Packratitis is an understandable side effect of the constant spectre of budget cuts, newbie colleagues who need stuff, purchased curricula that call for unpurchased manipulatives, students who like to chew on things, and the MacGuyverism of any urban school teacher ("The microwave in the staff room blew out all the power in the school and maintenance gave us "top priority" status, so we've got at least 72 hours without heat? NO PROBLEM - with this gum wrapper, dust bunny and...").

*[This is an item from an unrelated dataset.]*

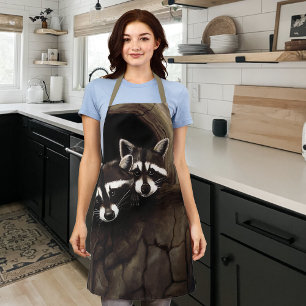 Tablier Raccoons Brown Cute Tree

When I started teaching and had nothing I used to go bug-eyed at the supplies others had stockpiled - several thousand dinosaur counters stored in an overflowing 40 gallon container, shelves full of used pencils, paint last used in French caves, etc. Teaching in a portable classroom kept me from indulging too much for a couple of years. Now I look back upon the shelving options in the portables with fondness, since my current classroom is huge but lacks storage.

And I have so much stuff, because I might throw this copy out and not be able to find the original (the last major reorginization job I have is this one, but it's been in the pipeline for three years and barring a cure for ADHD I don't think it's happening). And then there have been a couple of dream world Donors Choose projects that actually got funded. Plus, once I got rid of all the garbage that was left behind by the person who taught in this room before me I had some extra cabinets. I couldn't have known that when my dear friend's mom retired, she'd give me so much awesome stuff (half of which I still have to pick up, since the first half overwhelmed my car). The last three years have all been budget cut years, too, and nothing makes one pack rat it up more than that. Also, my superpower is finding. I hope one day to discover something truly excellent, like the Dead Sea Scrolls, tucked inside an old discounted teaching manual published by the Department of Health. I will use it to fund the classroom of my dreams. Until then, I am the queen of the mysterious drawer at SCRAP or RAFT, the miner of the Children's Book Project, and the superstar of sales.

This is why I am the proud owner of six raccoon-in-garbage-can handpuppets. Hey, they were a buck apiece (marked down from $25). I'm sure they'll come in handy.